My Favorite Jacksonville Garden Shop

Tuesday, July 13, 2010

A Gardener's Work Is Never Done

The time has arrived.... harvest season is over here in Florida.
The veggie patch in the driveway garden has been composted and mulched over. I used a simple “lasagna” layering technique. The only thing that remains are the Rosa Bianca eggplants that are just reaching peak season, and the small meadow of Susans and Cosmos at the bottom.

The patio is overflowing with herbs. I’ve had a lot of success this year starting plants from seed, including my all time favorite, basil. I have so much basil now that I haven’t even had a chance to get it all into pots. I also have a pot of peppers that has decided it also loves the heat.
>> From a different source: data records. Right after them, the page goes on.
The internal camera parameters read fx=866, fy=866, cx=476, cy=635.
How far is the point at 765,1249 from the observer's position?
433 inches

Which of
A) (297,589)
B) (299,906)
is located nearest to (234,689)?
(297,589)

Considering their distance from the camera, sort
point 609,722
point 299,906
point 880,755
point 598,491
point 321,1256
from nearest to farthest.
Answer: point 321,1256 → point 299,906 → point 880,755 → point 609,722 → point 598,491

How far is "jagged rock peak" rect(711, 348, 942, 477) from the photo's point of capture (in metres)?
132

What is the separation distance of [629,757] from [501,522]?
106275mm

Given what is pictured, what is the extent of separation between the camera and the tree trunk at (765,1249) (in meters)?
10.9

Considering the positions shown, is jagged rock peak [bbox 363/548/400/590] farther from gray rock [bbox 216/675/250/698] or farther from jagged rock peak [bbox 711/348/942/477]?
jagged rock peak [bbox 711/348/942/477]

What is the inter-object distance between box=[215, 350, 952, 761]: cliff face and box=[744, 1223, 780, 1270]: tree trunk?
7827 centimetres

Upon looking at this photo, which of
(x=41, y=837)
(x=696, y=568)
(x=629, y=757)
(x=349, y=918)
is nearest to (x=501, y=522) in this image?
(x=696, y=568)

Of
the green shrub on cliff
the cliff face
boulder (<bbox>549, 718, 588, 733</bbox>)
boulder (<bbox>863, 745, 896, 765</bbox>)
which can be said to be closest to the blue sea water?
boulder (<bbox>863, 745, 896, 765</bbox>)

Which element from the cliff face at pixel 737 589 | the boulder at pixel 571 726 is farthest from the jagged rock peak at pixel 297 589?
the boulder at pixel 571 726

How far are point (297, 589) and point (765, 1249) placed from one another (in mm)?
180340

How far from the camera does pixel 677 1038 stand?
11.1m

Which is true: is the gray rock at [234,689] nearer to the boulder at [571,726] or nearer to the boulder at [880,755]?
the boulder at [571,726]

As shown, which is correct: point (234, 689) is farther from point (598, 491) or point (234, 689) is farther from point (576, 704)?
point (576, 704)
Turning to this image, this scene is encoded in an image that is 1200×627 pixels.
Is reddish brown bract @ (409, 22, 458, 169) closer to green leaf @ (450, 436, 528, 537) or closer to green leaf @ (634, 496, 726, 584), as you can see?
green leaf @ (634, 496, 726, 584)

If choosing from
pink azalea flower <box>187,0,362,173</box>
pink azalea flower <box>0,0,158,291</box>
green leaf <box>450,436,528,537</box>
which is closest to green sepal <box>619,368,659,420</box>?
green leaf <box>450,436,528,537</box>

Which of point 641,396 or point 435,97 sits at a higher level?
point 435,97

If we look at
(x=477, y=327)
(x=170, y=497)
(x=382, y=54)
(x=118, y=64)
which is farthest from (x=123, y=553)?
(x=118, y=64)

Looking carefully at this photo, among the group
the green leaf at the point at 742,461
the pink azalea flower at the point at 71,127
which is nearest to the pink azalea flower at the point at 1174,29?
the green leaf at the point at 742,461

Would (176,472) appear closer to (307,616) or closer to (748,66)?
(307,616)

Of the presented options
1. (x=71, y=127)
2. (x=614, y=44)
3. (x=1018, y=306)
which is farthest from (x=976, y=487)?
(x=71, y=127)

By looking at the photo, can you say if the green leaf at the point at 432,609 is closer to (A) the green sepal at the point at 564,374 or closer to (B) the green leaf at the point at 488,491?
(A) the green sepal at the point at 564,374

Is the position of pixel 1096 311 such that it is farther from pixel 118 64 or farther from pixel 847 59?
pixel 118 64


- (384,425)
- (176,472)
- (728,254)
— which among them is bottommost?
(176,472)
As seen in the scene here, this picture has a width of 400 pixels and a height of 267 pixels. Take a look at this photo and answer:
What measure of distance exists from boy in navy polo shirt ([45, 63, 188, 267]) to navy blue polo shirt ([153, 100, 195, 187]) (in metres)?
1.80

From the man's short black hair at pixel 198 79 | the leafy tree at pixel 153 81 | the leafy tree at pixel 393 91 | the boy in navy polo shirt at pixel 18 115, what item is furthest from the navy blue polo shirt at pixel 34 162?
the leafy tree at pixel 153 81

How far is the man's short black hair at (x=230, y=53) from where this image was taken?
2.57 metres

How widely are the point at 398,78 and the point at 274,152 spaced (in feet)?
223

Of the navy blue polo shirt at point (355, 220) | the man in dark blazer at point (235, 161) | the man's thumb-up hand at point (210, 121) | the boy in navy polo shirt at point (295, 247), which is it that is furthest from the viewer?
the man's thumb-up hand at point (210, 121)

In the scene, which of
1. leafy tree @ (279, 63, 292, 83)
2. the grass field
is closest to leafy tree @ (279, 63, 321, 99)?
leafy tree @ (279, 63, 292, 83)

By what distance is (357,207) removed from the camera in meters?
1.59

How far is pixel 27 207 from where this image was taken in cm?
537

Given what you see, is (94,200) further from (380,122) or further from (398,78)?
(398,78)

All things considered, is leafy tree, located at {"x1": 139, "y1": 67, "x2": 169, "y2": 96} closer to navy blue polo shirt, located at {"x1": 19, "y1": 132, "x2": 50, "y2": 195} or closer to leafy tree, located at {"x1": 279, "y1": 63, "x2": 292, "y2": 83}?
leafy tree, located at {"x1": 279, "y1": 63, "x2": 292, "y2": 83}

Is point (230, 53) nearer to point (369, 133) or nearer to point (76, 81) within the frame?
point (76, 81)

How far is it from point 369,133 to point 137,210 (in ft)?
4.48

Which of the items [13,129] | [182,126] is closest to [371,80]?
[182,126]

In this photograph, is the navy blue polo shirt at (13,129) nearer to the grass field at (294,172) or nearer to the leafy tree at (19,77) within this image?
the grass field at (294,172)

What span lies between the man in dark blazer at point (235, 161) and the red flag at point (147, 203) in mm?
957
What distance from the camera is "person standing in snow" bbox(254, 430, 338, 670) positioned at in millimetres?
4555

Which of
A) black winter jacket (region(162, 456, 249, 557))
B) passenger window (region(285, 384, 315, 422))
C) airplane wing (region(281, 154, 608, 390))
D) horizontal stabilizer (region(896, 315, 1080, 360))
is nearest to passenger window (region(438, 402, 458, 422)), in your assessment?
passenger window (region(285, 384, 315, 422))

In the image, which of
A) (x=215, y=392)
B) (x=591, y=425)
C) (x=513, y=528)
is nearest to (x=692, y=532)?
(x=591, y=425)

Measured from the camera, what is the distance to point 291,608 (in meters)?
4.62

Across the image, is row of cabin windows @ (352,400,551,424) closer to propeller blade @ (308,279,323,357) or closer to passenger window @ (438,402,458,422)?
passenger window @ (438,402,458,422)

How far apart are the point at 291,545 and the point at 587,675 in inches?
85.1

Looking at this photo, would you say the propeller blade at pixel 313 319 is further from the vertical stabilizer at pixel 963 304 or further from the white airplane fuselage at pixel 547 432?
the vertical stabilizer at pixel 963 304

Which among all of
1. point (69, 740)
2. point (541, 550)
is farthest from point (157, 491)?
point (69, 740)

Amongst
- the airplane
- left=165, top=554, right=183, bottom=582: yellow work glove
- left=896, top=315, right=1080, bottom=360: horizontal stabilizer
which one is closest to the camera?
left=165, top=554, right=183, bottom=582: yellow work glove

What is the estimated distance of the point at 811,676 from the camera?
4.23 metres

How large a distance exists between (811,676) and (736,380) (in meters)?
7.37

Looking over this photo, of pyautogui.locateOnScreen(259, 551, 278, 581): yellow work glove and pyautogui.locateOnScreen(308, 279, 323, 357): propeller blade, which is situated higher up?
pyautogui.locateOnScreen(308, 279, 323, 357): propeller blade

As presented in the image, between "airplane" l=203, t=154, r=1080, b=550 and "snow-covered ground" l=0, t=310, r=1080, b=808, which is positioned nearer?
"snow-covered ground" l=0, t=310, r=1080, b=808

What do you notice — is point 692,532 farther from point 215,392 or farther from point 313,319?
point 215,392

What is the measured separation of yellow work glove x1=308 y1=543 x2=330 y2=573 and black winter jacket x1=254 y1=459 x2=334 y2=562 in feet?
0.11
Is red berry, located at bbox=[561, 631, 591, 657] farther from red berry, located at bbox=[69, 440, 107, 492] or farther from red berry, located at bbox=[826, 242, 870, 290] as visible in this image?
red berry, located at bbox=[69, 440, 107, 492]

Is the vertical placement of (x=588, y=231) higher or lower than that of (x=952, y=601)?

In the past if I didn’t have peppers by June, I would cut the plants back to about 8 inches and wait for fall when they will generally take off again and produce well into December.

The side garden is a mess. The tomatoes are ready to be cut out. The vines are sprawling everywhere and are over run with aphids and wilt. Any remaining tomatoes have rotted and are creating a huge mess. On the opposite side of the same bed is a cover crop of cow peas. I thought it would be fun to have fresh cow peas, but shelling them is not easy work. So for now I will just continue to stock up on fresh bags of $5 peas from the farmers market. I have a huge respect for anyone who takes on the task of shelling that many by hand and will gladly pay the steep asking price with gratitude. The vines are not a complete waist though. I will use the vines as a layer of compost when I begin my “lasagna” layering. Beans are unique in that they fix nitrogen into the soil at the root, so they are great to till in.

Harvest: No harvest this week.

Remove tomatoes from side garden raised bed
Cut down cow peas and “lasagna” layer the raised bed
Pull vines from Azaleas in front yard
Cut back roses
Cut back any plants showing signs of heat stress - ok all of them
Clean out and mulch over remaining earthboxes
Discard any dead annuals and clean out pots
Start broccoli seeds inside for planting out at the end of August for November harvest

(did I mention that it’s been 98 degrees out everyday)


  1. Hi, this is my first time on your blog. I'm curious about that picture of your driveway garden - do you have a circular driveway that goes around that garden? It looks really cool! I can't believe your summer harvest season is already over, and mine's just getting started! I do love learning about climate differences all across the country. Did you have any pests on your basil? I've been having trouble with Japanese beetles, aphids, and other unknown crawlies attacking my precious basil leaves this last month.

  2. I'm always sad at the end of each season, and yet looking forward to the next one. Florida sounds much different than what I'm used to here in Northern CA, even though we have very warm summers. Your circular planting should be nice to see every time you drive in!

  3. @thyme2garden - thanks for visiting my blog. I am indeed using the inside of my circular drive for growing veggies and such. It was just a weed pit for the longest time. I have enjoyed having the extra room.
    The only thing I have found that gets rid of pests from my herbs are lady bugs. I generally buy them 2 or 3 times a year and they do a good job of taking care of the aphids and whiteflys.

    and also @Dirt Lover - gardening in florida is a crap shoot. Here in Jax especially. The zone chart literally splits right through the middle of our city. I never know what to expect from year to year, except that not much will grow right now. Even the CSA's are off right now. Farm shares run from late September to May.

    and yes, I get a lot of Joy almost (see my entry "a funny story") every time I pull into the drive.